The Concept Of Land Health Of Aldo Leopold

Land health is an expression that Aldo Leopold developed over the course of his lifetime. Aldo Leopold chose his words carefully, crafting metaphors that reached out to many different kinds of people. In his writing for a general audience, namely farmers, he described wildlife as a crop and related wildlife management to farming. Writing at a time when the nation was being shaped quickly by technological advances, he often wrote about land as a machine; one of his most evocative, widely quoted, and almost proverbial phrases is, “To keep every cog and wheel is the first precaution of intelligent tinkering.”

Ultimately, however, Leopold felt that the sum of an ecosystem’s living and nonliving components — including soils, waters, plants, animals, and people — was more complex than a crop or a machine. Leopold came to see land as a community, a system of interdependent parts that was not unlike an organism; Leopold saw a healthy land community as a model of vigorous self-renewal. Health became the key metaphor in Leopold’s writing.

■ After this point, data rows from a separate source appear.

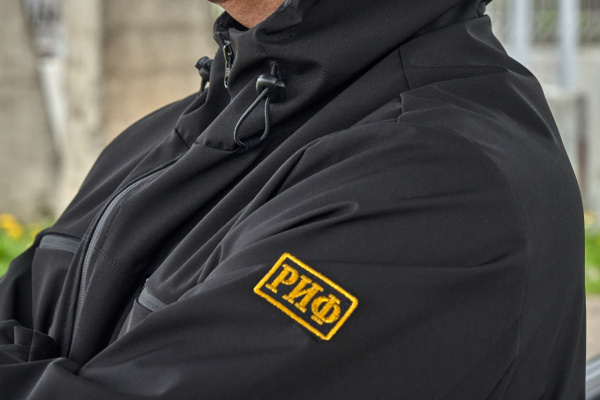 Ветровка РИФ (размер M) Ветровка РИФ (размер M)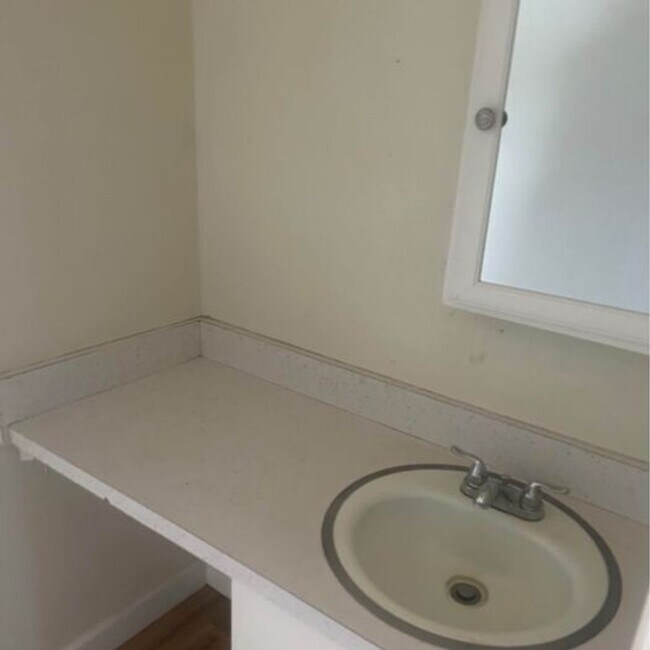 Foto del edificio - 2440 Almandor Cir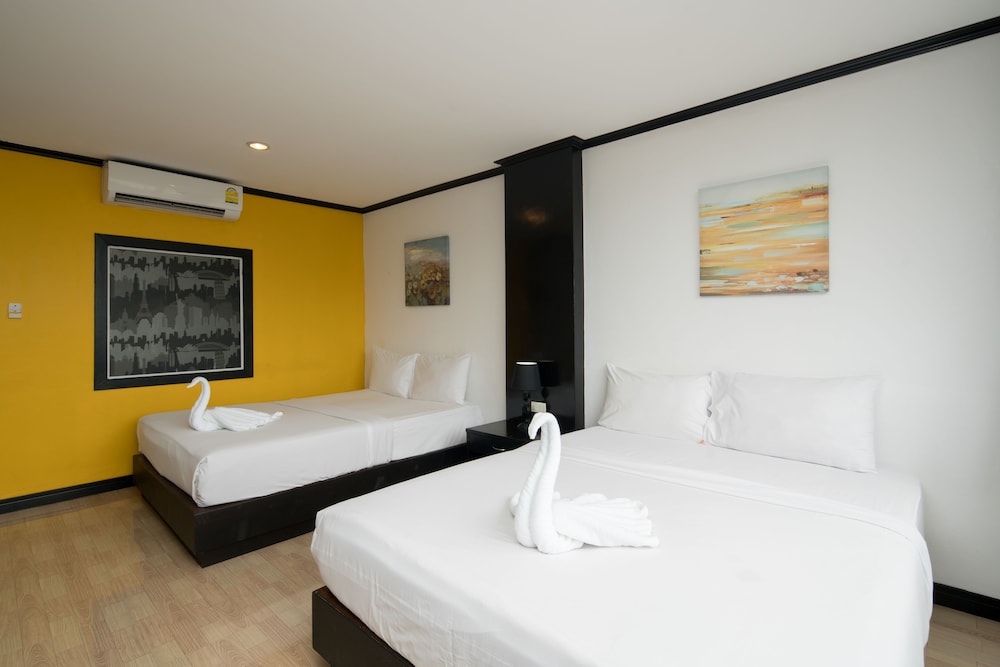 royal beach residence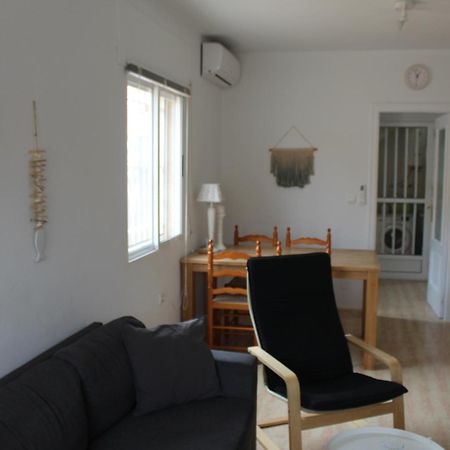 Bungalow With 2 Bedrooms And Roof Terrace In The Center Of La Zenia. Free Wifi. Orihuela Eksteriør bilde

In a 1944 report for a University of Wisconsin committee on postwar agricultural policies titled “Conservation: In Whole or In Part?” Leopold stated: Conservation is a state of health in the land. The land consists of soil, water, plants, and animals, but health is more than a sufficiency of these components. It is a state of vigorous self-renewal in each of them, and in all collectively. Such collective functioning of interdependent parts for the maintenance of the whole is characteristic of an organism. In this sense land is an organism, and conservation deals with its functional integrity, or health.

Deeper understanding and appreciation of land is the result of integrating more of the land’s complexity into our thought, language and planning — not reducing the environment to pieces and parts. Long term visions and plans for land need to take a holistic approach and reflect the whole system. With land health representing the “state of the system,” any number of components can be incorporated into a definition of land health; moreover, these components are not only environmental and ecological but also social and economic. Literally thousands of components can contribute to defining land health, or, for practicality, a few indicators that represent the critical parts of the system. Importantly, these specific elements, and their relations to one another, can help us conceptualize, communicate, and illustrate the idea of land health.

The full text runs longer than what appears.